How do you get through an economic downturn?
Meet quintessential capitalist Albert Garcia.
Garcia's got what many financial experts will tell you is the perfect answer. He doesn't have one business, he's got at least five more if you count the petting zoo he plans to open near his Mexican food takeout business.
"It just kind of happened," said the 59-year-old Garcia. "I don't like to watch TV, so I've got to have something to do."
Garcia owns a custom door manufacturing company in Rancho Cordova and a powder-coat paint business in McClellan Business Park. He sells goats and sheep that he raises in Wilton, and runs a gift shop and sells Christmas trees during the holidays on an old farm outside of Elk Grove.
"That's the classic American way," said Andrew Hargadon, a professor in the Graduate School of Management at UC Davis, and director of the Center for Entrepreneurship. "You earn money in one business and then you use that money to invest in other businesses."
There is no underestimating the importance of mom-and- pops to the American economy. Small businesses make up half of the country's private, non-farm gross domestic product and employ 52 percent of California's work force, according to the U.S. Small Business Administration.

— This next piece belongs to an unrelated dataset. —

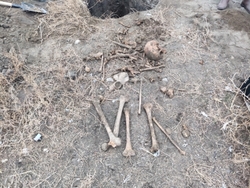 Сельчанин откопал во дворе скелет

And, in the past decade, they created about 70 percent of new jobs.
Garcia said he's using these tough economic times as an opportunity to streamline, doing things like moving his door business to a much smaller, 9,000-square-foot warehouse.

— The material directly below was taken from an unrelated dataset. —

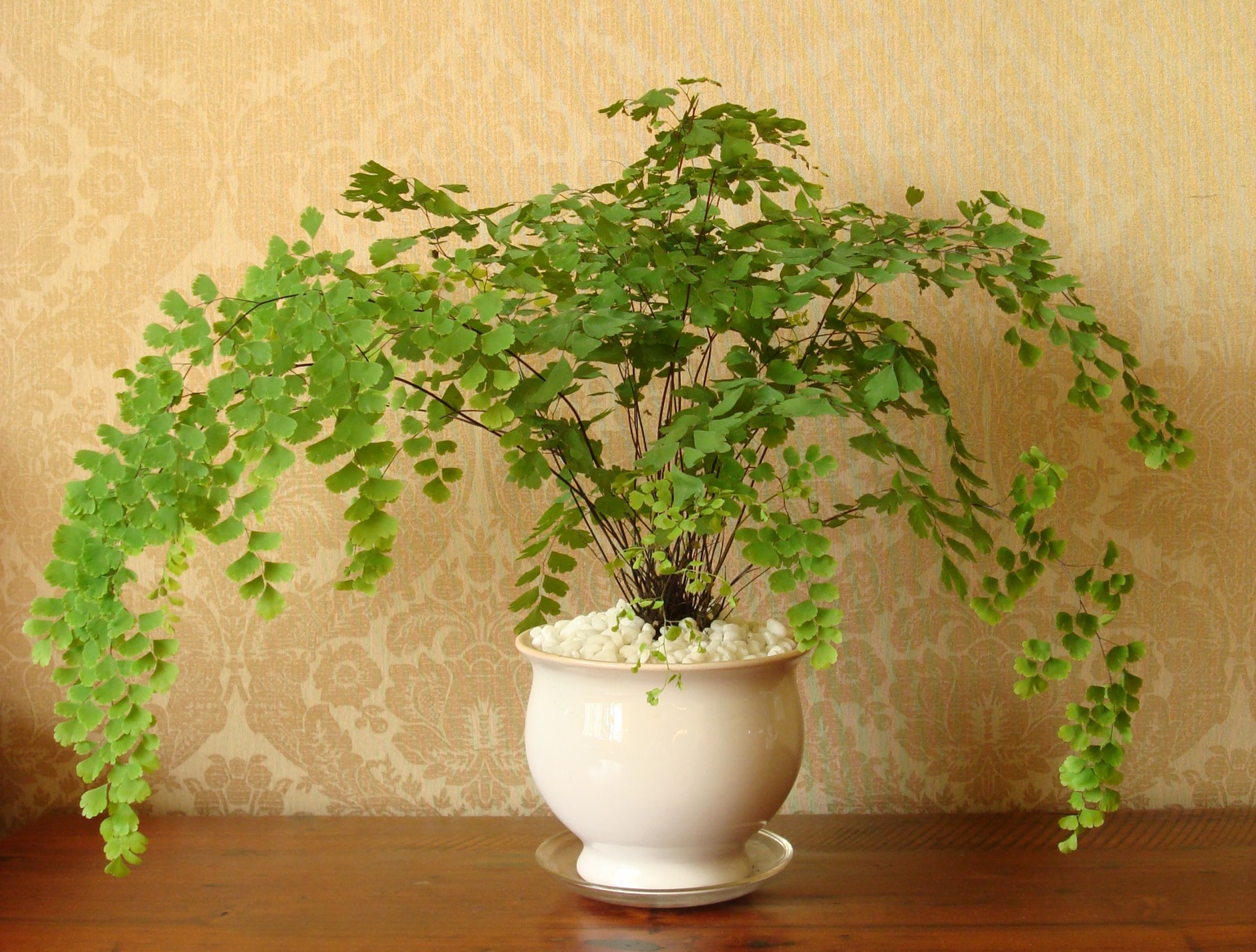 花卉绿植盆栽有什么推荐（100种室内盆栽花草图鉴）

A slumping economy simply means the ones that emerge will be even stronger, said Sanjay Varshney, dean of the college of business administration at California State University, Sacramento.

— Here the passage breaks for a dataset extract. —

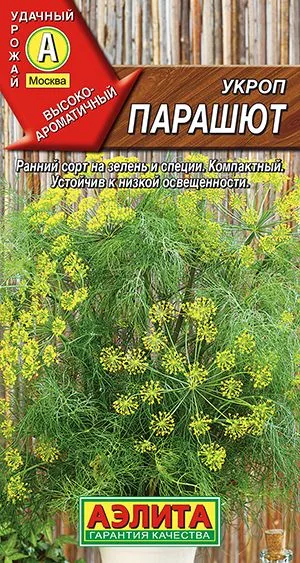 Укроп Парашют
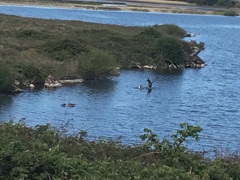 Branta canadensis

"It's smart to make sure you're lean and mean so when the cycle reverses itself, you're positioned very well to take advantage of the upside," he said.
Garcia began his entrepreneurial journey while doing carpentry finish work alongside his father after returning from the Vietnam War. He saw profit in buying blank doors, then cutting and prehanging them for easy installation.
He opened US Building Materials in Sacramento in 1977 and expanded eight years later to a 21,500-square-foot spot in Rancho Cordova. Business ebbed, but mainly flowed.
When new opportunity arose, he seized it. In 1990, Garcia won a contract to do the interior doors for a chain of retail stores. But the plans stipulated powder coating, a more eco-friendly painting technique where a powder is applied and then baked on. Garcia researched the method, bought the equipment and opened US Powder Coating.
The livestock came about a decade ago when Garcia got interested in breeding sheep for meat. He now grazes about 200 Dorpers a South African sheep on the land of some friends and 36 goats on his own 4.5 acres.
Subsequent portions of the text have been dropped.